The 10-11 game was scoreless for the first 2 1/2 innings. but South Tahoe took control with its aforementioned eight-run inning.
"They played small ball, and we didn't do a good job of getting to the ball," coach Brett Clampitt said.
Zane Warkentin had three of Carson's six hits. Kahle Good, Blake Menzel and Garrett Clampitt added a hit each.
The closest Carson came to scoring was in the fourth when Good doubled to center, but was forced at second on Josh Buchan's one-hopper to centerfield. It was a bang-bang play. Warkentin followed with a liner to right field which appeared to have cleared the fence. However, the first-base umpire called it a ground-rule double.
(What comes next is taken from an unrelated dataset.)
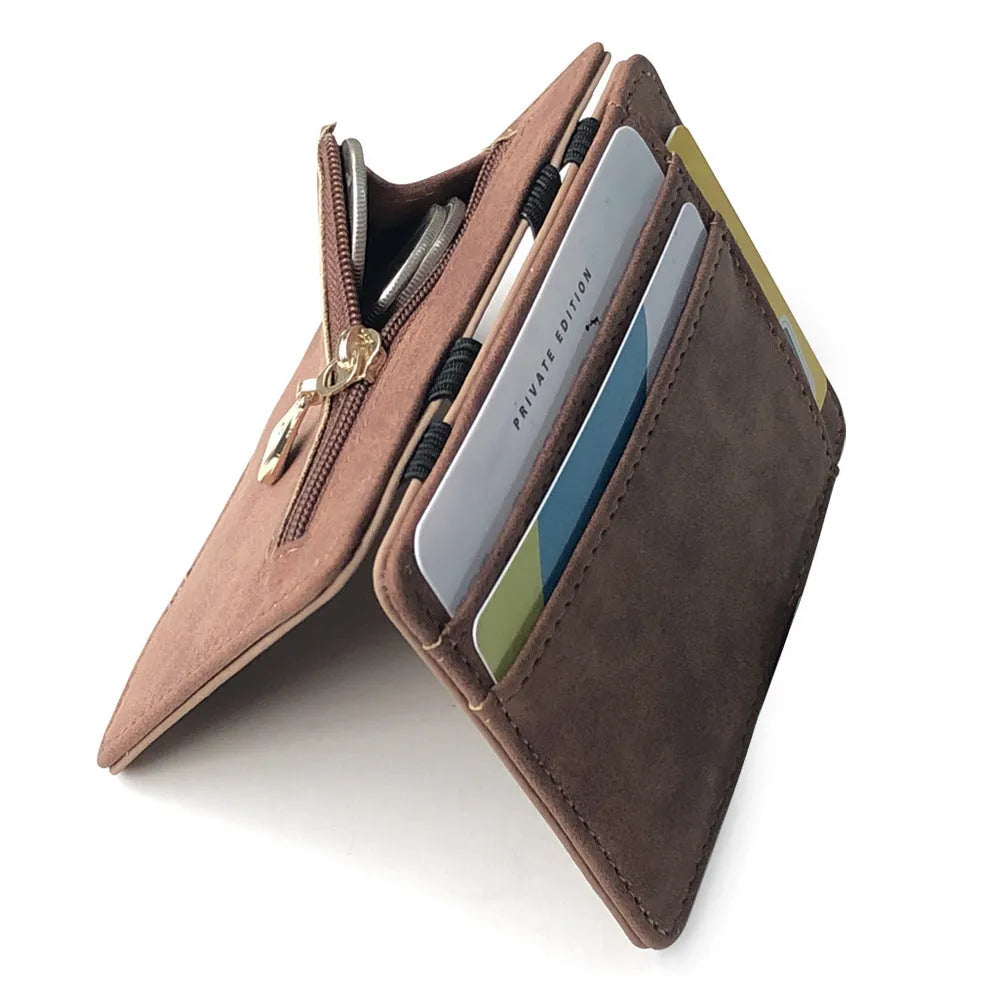 Korean-style matte leather magic wallet with coin pocket in horizontal square shape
Buchan was sent back to third.
Teigen Key followed with a sharp grounder to the left side, and Buchan was thrown out at the plate for the second out. Garritt Benavides was caught looking at a third strike to end the inning with two runners on.
Clampitt thought the call on Warkentin's ball was critical.
"From a momentum standpoint it did (make a big difference)," Clampitt said. "That cost us a couple of runs and sapped the momentum out of us."
South Tahoe used three singles and an error to score their final run in the bottom of the fifth. Carson went out quietly in the sixth.